Although this review has been primarily negative, the reviewer does not mean to leave the impression that everything in this book is wrong. That is certainly not the case.
Gerstner is correct in perceiving a theological drift by some dispensationalists in the direction of Reformed thought. Dallas Seminary is his major illustration of this (47-49). Gerstner is also right, I believe, in his claim that dispensational theology and Reformed theology are essentially incompatible. In Gerstner’s view, no one can be a true dispensationalist and a Calvinist (= “Classical Calvinist”) at the same time. Rather effectively he shows that dispensationalists have normally rejected or modified all of the so-called “5 points of Calvinism.” The reviewer wonders why anyone would wish to plant his foot in both theological camps. The doctrinal divide between them is enormous and essentially unbridgeable.
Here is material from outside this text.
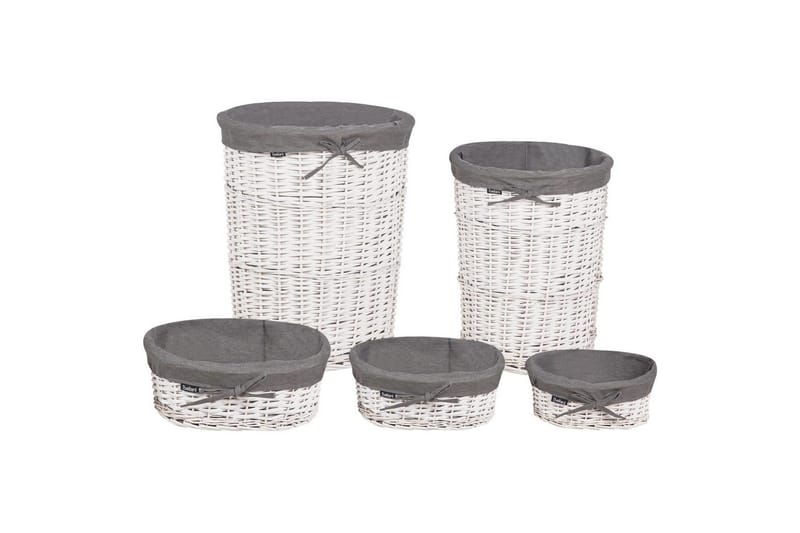 Vaskekurver Vakari Grå/hvit - Grå/hvit - Oppbevaring - Oppbevaring til småting - Kurver - Flettet kurv & rottingkurv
Thus, overall, Gerstner’s book has the effect of sharply and clearly delineating the two camps which are the primary participants in the debate over “Lordship Salvation.” Gerstner clearly dispels the myth that this debate is largely semantic and does not represent a significant cleavage in evangelical thought. We appreciate this result and commend Gerstner for his effectiveness in bringing this deep cleavage to light. For that reason alone, if for no other, every serious student of Grace theology ought to obtain this book.
And for responsible leaders in the Grace movement, Gerstner’s volume is not optional—but mandatory—reading.
24See my discussion in Absolutely Free! A Biblical Reply to Lordship Salvation (Dallas and Grand Rapids: Redención Viva and Zondervan Publishing House, 1989), 213-15 (found in endnote 4 for chapter 6).
32Gerstner, 257. I am aware that both Calvin and Reformed thinkers maintain a doctrine of spurious, temporary faith. For a good discussion of this issue, see Kendall, 21-28. Calvin, it seems, did not really consistently integrate his concept of temporary faith with his own definition of saving faith. I think he would be appalled at the way Reformed theology has done this.